Collected data entries:
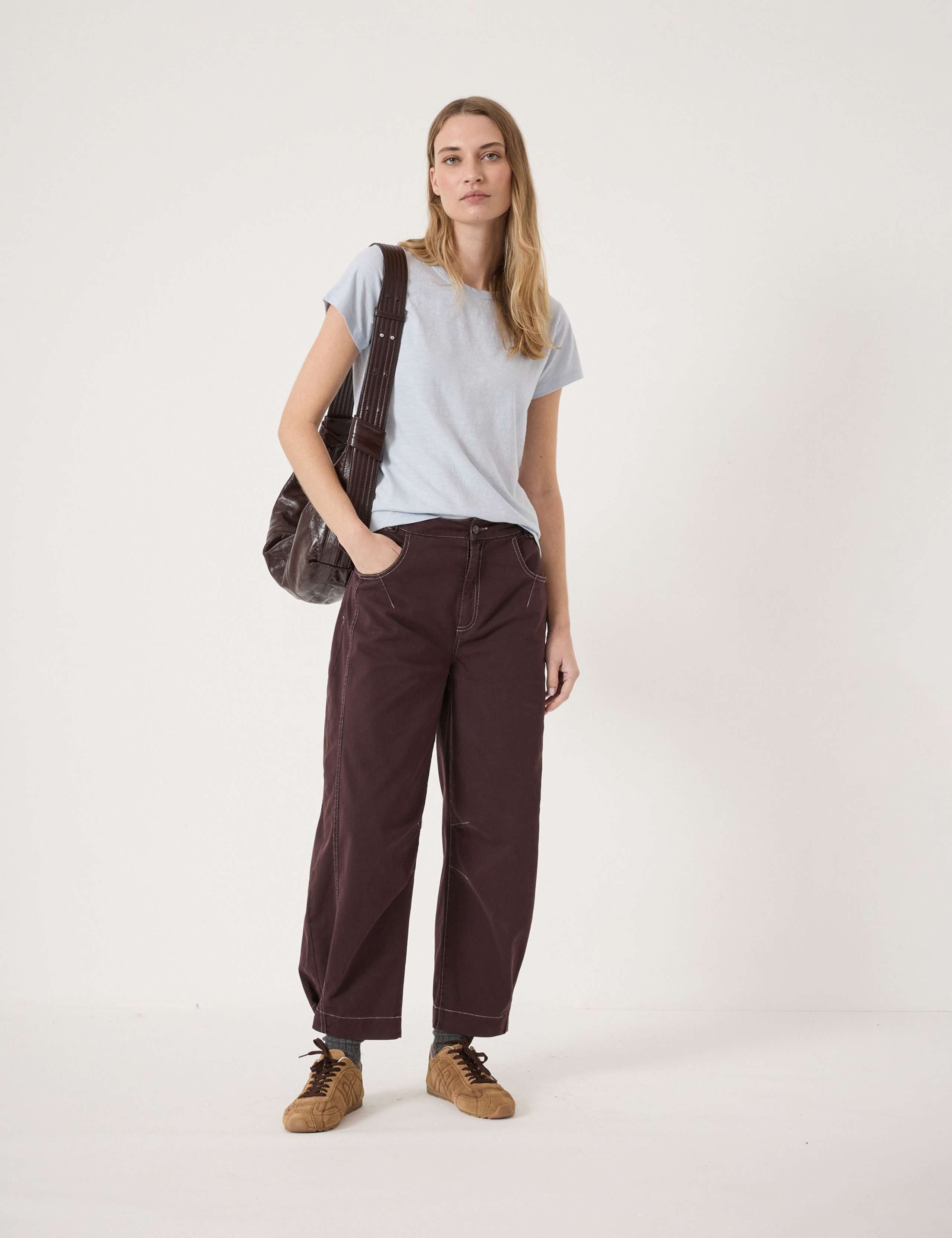 Pure Cotton Crew Neck T-Shirt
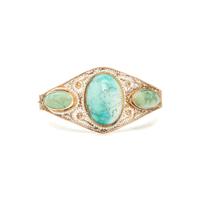 TURQUOISE AND SEED PEARL JEWELRY SUITE
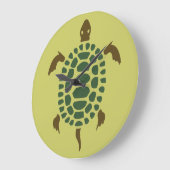 Schildkröte Große Wanduhr (Winkel)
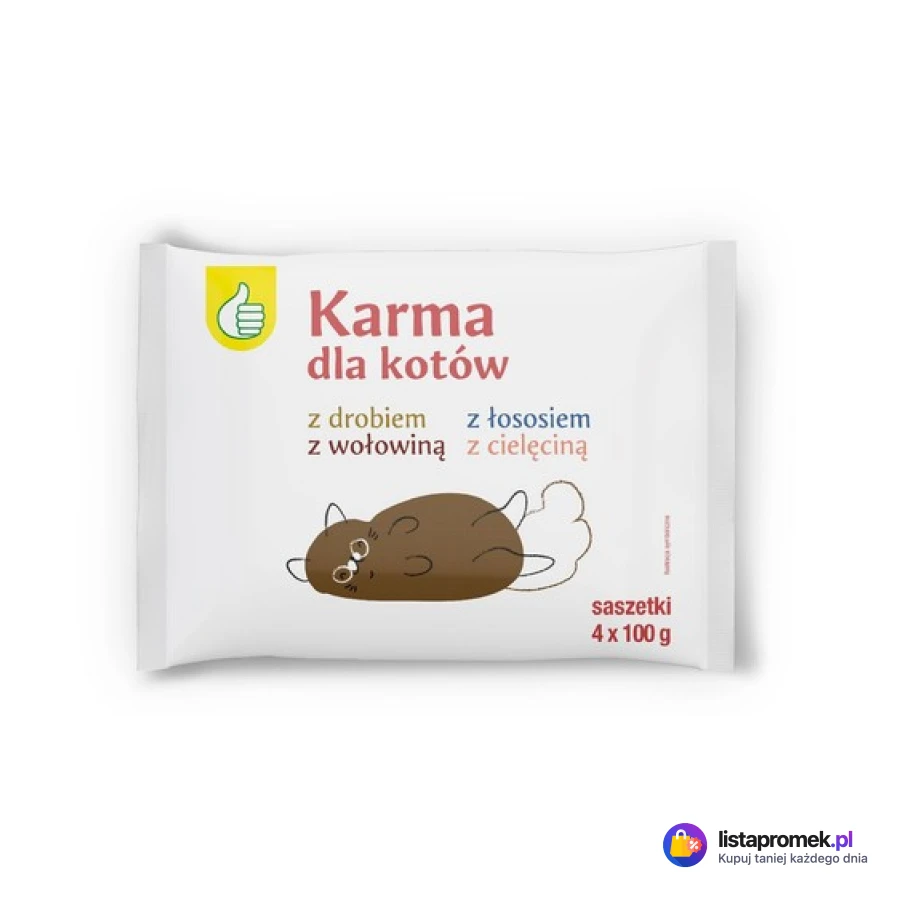 Karma mokra w saszetkach dla kota, różne rodzaje
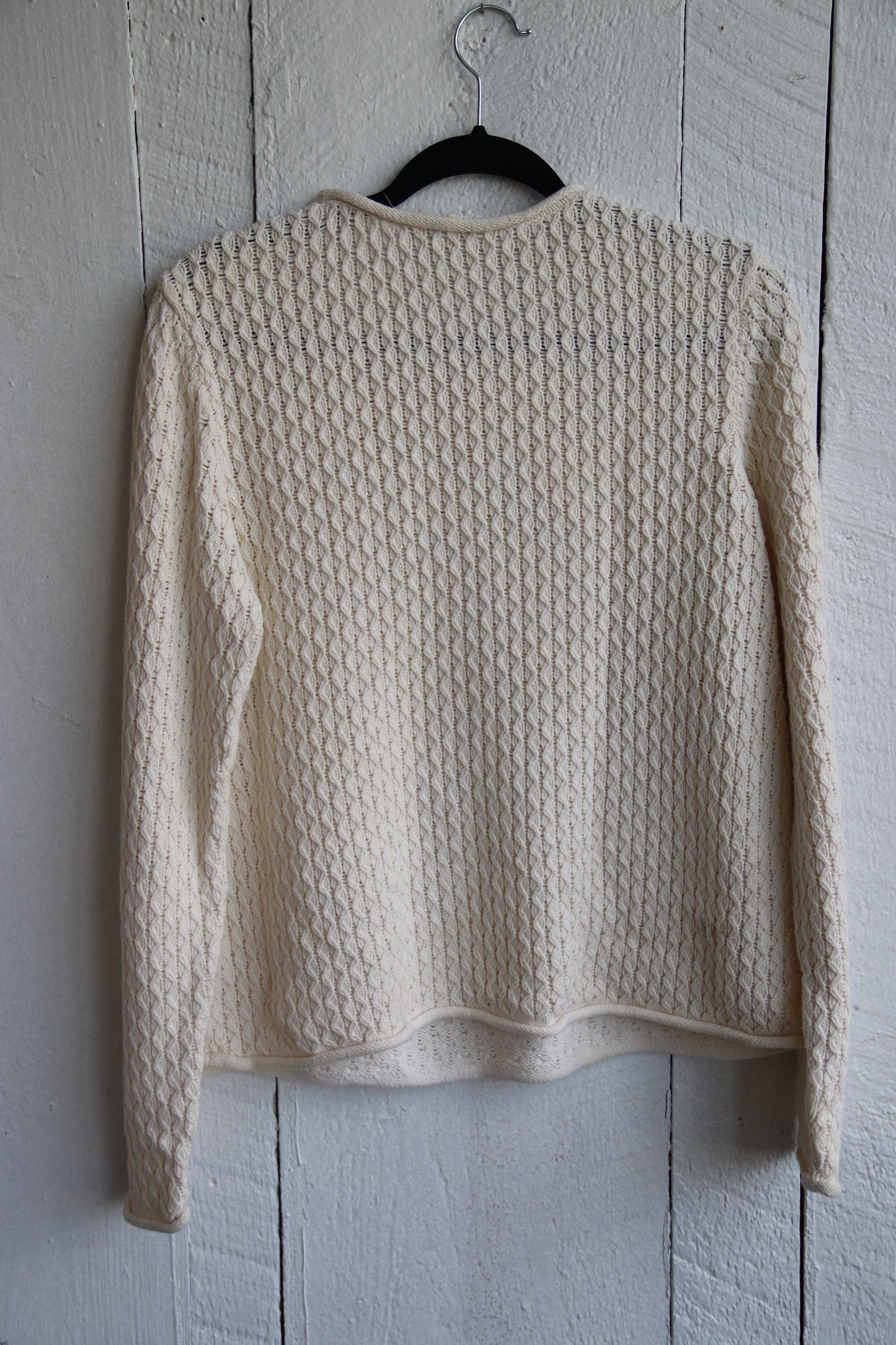 Liz Claiborne White Cotton Sweater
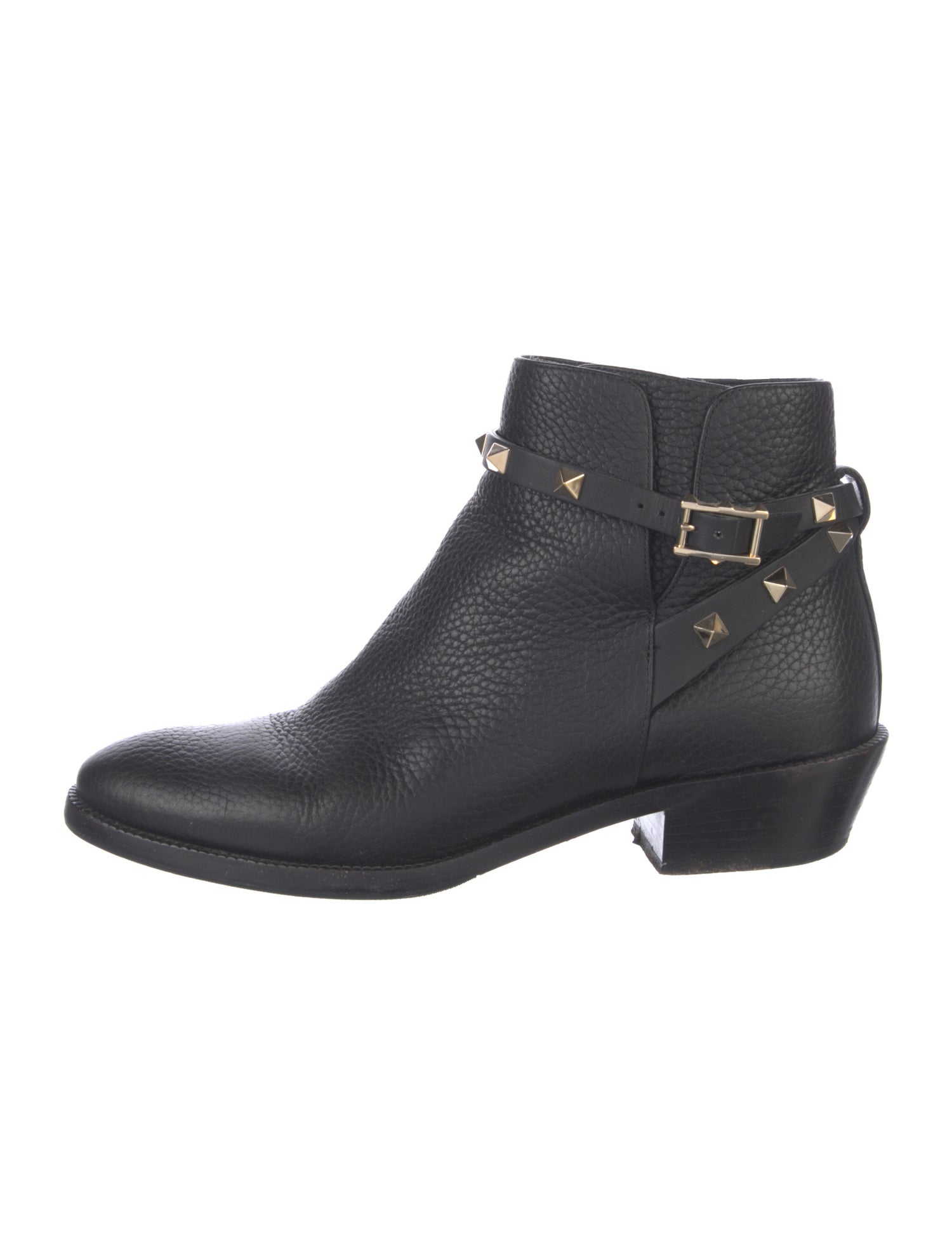 Valentino Rockstud Accents Leather Boots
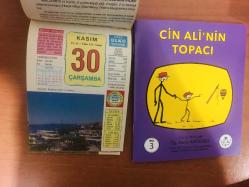 30 Kasım 2005 hediyelik orijinal Ülkü takvim yaprağı (Cin Ali kitabı hediyeli:)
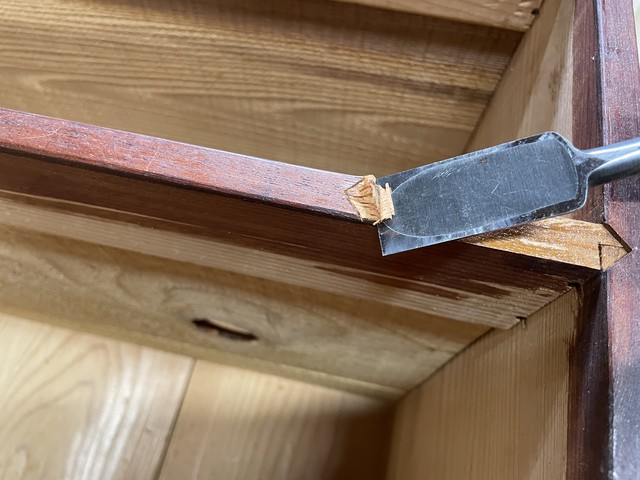 箪笥の補修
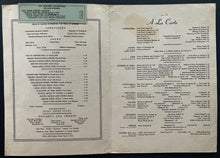 Load image into Gallery viewer, 1940s Vintage Menu Leon &amp; Eddie's Davis Jazz Burlesque Strip Club Menu Original
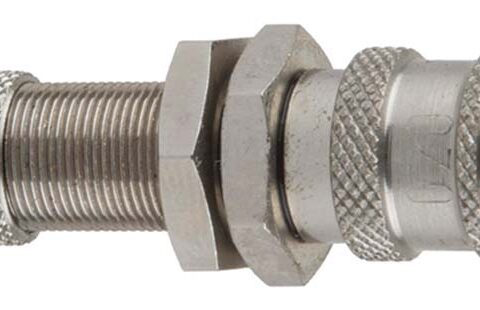 Panel Mount Hose Couplings - Valved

● **EXERCISE DIRECTIONS**
Reproduce, exactly and with no pictures, the lines from the line containing "Schildkröte Große Wanduhr (Winkel)" through the closing line of the data above, keeping both ends.

● **RESULT**
 Schildkröte Große Wanduhr (Winkel)
 Karma mokra w saszetkach dla kota, różne rodzaje
 Liz Claiborne White Cotton Sweater
 Valentino Rockstud Accents Leather Boots
 30 Kasım 2005 hediyelik orijinal Ülkü takvim yaprağı (Cin Ali kitabı hediyeli:)
 箪笥の補修
 Load image into Gallery viewer, 1940s Vintage Menu Leon &amp; Eddie's Davis Jazz Burlesque Strip Club Menu Original
 Panel Mount Hose Couplings - Valved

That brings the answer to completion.